While we don't yet know if Taseko Mines (AMEX: TGB) will succeed in resuscitating the company's recently flat-lined gold project in British Columbia, I have reason to believe that this intrepid copper miner will live long and prosper.

Although enterprising investors may bemoan the apparent death of Taseko's Prosperity copper and gold development project following a devastating regulatory impasse, the miner's flagship Gibraltar mine remains as solid as its namesake rock. Even after monetizing a 25% stake in the operation to fund Prosperity's now-stalled construction, Gibraltar is the sort of stepping stone to growth that small-scale miners pine for.
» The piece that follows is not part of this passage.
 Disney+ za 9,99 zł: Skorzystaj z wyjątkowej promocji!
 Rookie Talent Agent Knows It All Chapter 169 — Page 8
Now that the market has had a chance to discount the impact of the Canadian government's decision, we find the shares hovering just about where I placed fair value for Taseko's 75% stake in Gibraltar (around $4.50 per share). Incredibly, even with that monster 37% correction from October's peak share price, Taseko shares are still running ahead of larger competitors Freeport-McMoRan Copper & Gold (NYSE: FCX) and Southern Copper (NYSE: SCCO) on a two-year chart.
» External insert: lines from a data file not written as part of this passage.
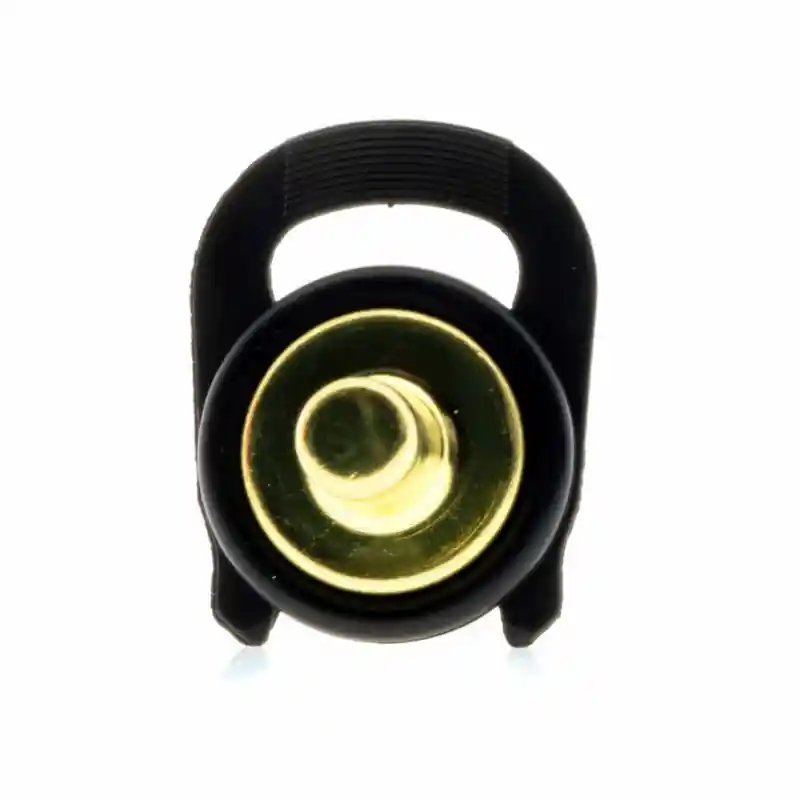 Einparts Automotive EPS3065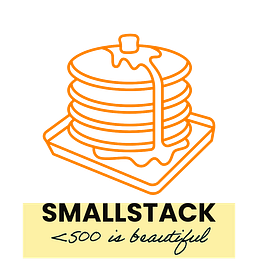 SmallStack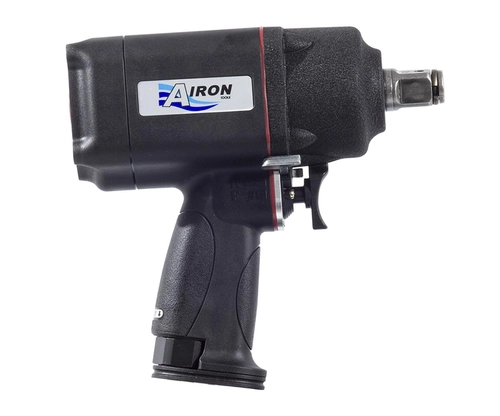 llave de impacto de composite / atim-1080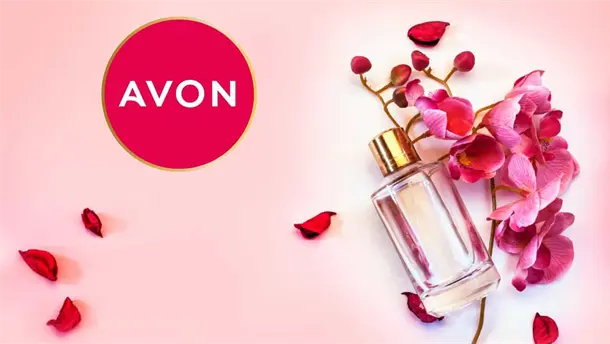 Nota Relacionada de México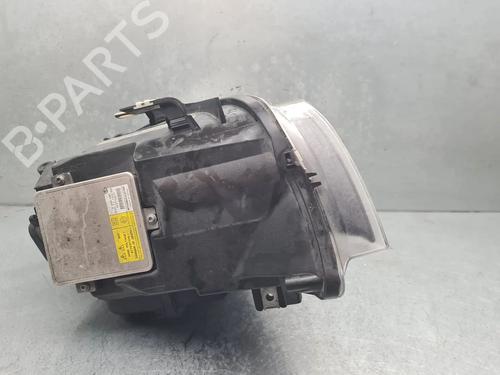 Left headlight BMW 3 (E90) 330 d | BP38086935C28 - Image 4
The miner's third quarter earnings, released this week into that remaining maelstrom of shareholder disappointment, highlights the operational improvements at Gibraltar that make Taseko an attractive investment at this juncture. Gibraltar produced 25.7 million pounds of copper during the third quarter, an 84% improvement over the prior-year mark. Molybdenum production surged by 125% to 252,000 pounds.

These achievements were facilitated in part by a 19% increase in mill throughput over the prior-year period, plus much-improved copper recovery rates that reached 90% during the quarter. Total cash costs remained very competitive at $1.40 per pound, providing a bountiful operating margin at a realized sales price of $3.76 per pound of copper.

Net earnings failed to impress at just one Canadian cent per share, which may explain why the company omitted the measure from its earnings-related press release. The principle culprit for the shortfall was a bottleneck at Vancouver's port facilities that left 16.3 million pounds of copper in inventory (63% of production) at quarter-end. Fools may recall that Teck Resources (NYSE: TCK) cited similar capacity shortfalls at western Canadian port facilities when it announced a 10-year haulage agreement with railroad Canadian Pacific (NYSE: CP) last month.

As I pointed out in the case of silver stream specialist Silver Wheaton (NYSE: SLW), delayed revenue bookings can prove fortuitous for miners in a rising price environment, so Taseko-watching Fools (click here to watch Taseko yourself) will want to track fourth quarter copper prices to gauge the impact of that sizeable sales lag. Meanwhile, I believe long-term investors will find Spock-like logic even in a revised investment thesis for Taseko Mines.